育児・親子・家族・発達障害・・・気になる情報を書き留めました(本棚4)。

人間は自分自身を家畜化することで文明を生んだ。

2017年11月04日 15時34分39秒 | 子どもの心の問題
 NHK-BSプレミアムの番組を見ていて出てきた文言。
 非常に奥が深い表現です。

■ プレミアムカフェ いのちドラマチックスペシャル オオカミはこうしてイヌになった
NHK-BSプレミアム:2016年6月2日:初回放送:2011年) 
出演:福岡伸一ほか
<詳細>
 はるか昔、オオカミを“イヌ”として飼うようになってからイヌの歴史が始まった。福岡伸一さんがひもとく進化の歴史。


 人間が動物を家畜化する過程は、その動物の幼児期にヒト社会に馴染ませることがポイント。
 幼児期は学習能力に長けており、成長が止まるとその能力が落ちるのです。
 動物全般に共通する現象として、物事を恐れず、探究心に富んでいるのは「子ども」の特質。
 これを利用して子ども時代を長くすることによりヒト社会に順応させたのが家畜化。

 家畜化、ペット化した動物には子どもの特質が形質変化として出てきます。
 番組中のキツネでは、「スター白斑」「巻き尾」「垂れ耳」「丸い形の頭蓋骨」など。
 実はこれは、現在ペットや家畜化されている動物にも観察することができるのです。

 「薄い警戒心」という性質も子どもの特質です。
 アメリカの学者、クライブ・ウィンの研究によると、オオカミが警戒心を示すのは生後5週以降であることが判明しました。
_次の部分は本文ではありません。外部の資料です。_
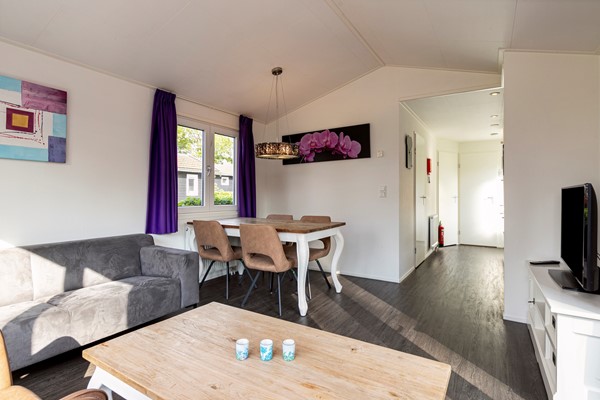 Medium property photo - Varelseweg 211-1906, 8077 RB Hulshorst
 人間をヒト社会に適応させることが文化・文明の始まりと考えると、人間は学習能力に長けた幼児期が長くなったためにそれをなしえたとも捉えることができます。
 つまり、動物をヒト社会に馴染ませるという点で、家畜化と文明化は共通しているという意味で、題名の表現にたどり着くわけです。

・家畜・ペットの歴史
(15000年前)イヌ
(11000年前)ヤギ、ヒツジ
(10000年前)ブタ、ウシ、ネコ
(8000年前)ニワトリ
(5000年前)ウマ

<参考>
Lyudmila Trut et al. Animal evolution during domestication:the domesticated fox as a model.Bioessays. 2009 Mar; 31(3): 349–360.
 家畜化における動物の進化は「エピジェネティックな変化」である。これは、遺伝子が変わるのではなく、遺伝子の働き方が変わることにより行動や形質が変わるという考え方。
 遺伝子のみではなく、遺伝子を働かせる仕組み(タイミングや順番)も遺伝する。

・マックス・プランク進化人類学研究所の報告書:Somel et al. Transcriptional neoteny in the human brain. Proc Natl Acad Sci USA 2009; 106: 14:5743-5748.
 遺伝子が働くタイミングの違いにより人間は賢くなれたのではないか。人の脳では神経細胞の発達に関わる遺伝子が他の霊長類に比べてかなり遅れて活性化することをつきとめた。